There's more to terrorism than Al-Qaida
From Blogcritics:
Terrorism and Its Enemies - An Alliance of Civilizations
Posted by Aaman Lamba on July 27, 2005
In the past, the more enlightened of us could comfort ourselves with the thought that poverty and social repression produce malcontents and terrorists. Unfulfilled aspirations of statehood were also considered as contributing factors. Even then, though, this was not entirely true. While the rank and file of guerrilla movements might come from economically or socially deprived sections of the society they rebelled against, their leaders and financiers were invariably educated, well-off citizens, if not of the same society, then of some other.

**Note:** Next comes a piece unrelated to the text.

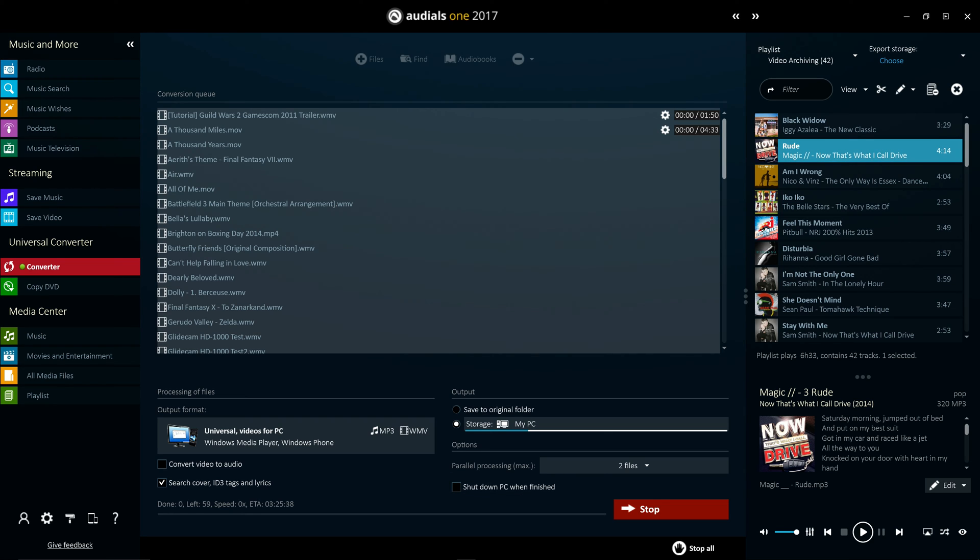The fully featured universal converter is included in both Audials One and Audials Tunebite Platinum. However, a video-only converter is included in Audials Movie Box and an audio-only converter is included in Audials Tunebite Premium so you can choose the software best suited to your needs.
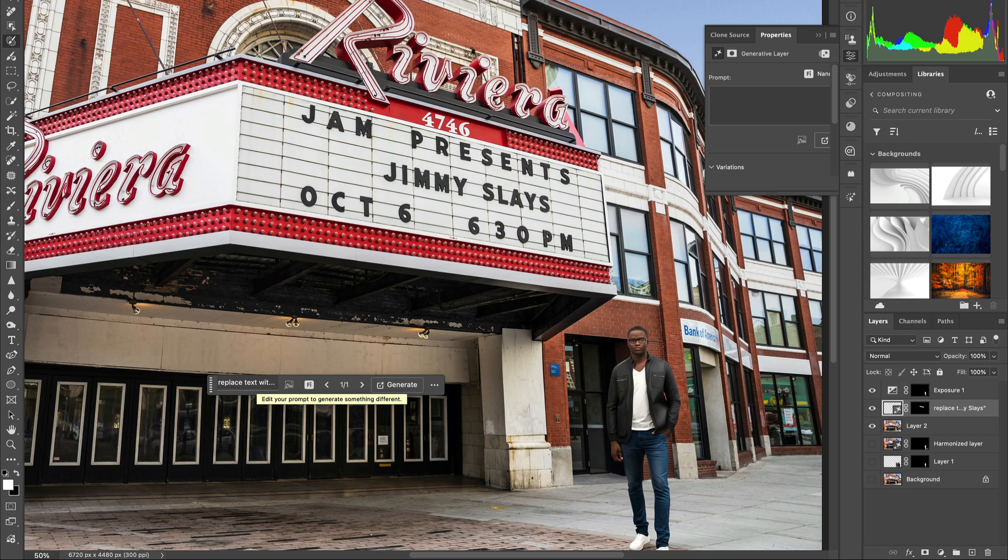And there it is—my completed composite thanks to our new partner model. How cool is that? Be sure to stay tuned for Nano Banana coming to Photoshop beta in a couple of weeks. Cheers everyone, thanks for watching, catch you in the next one.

Things are very different today. Especially after the attacks in London, where it seems "Paki is a dirty word" once more, and memories of the race riots seem fresh once more, the perpetrators of the attacks were educated British citizens, who "completed"' their schooling by betraying the society that fulfilled their aspirations rather than reforming/changing the one that failed them.
The blanket assumption that terrorists are trained or at least influenced by the madarsas or Islamic schools of Pakistan and elsewhere, though valid in part, is misleading as it masks some realities. As William Dalrymple points out in his recent column in The Guardian, "there is an important and fundamental distinction to be made between most madrasa graduates - who tend to be pious villagers from impoverished economic backgrounds, possessing little technical sophistication - and the sort of middle-class, politically literate, global Salafi jihadis who plan al-Qaida operations around the world. Most of these turn out to have secular scientific or technical backgrounds and very few actually turn out to be madrasa graduates."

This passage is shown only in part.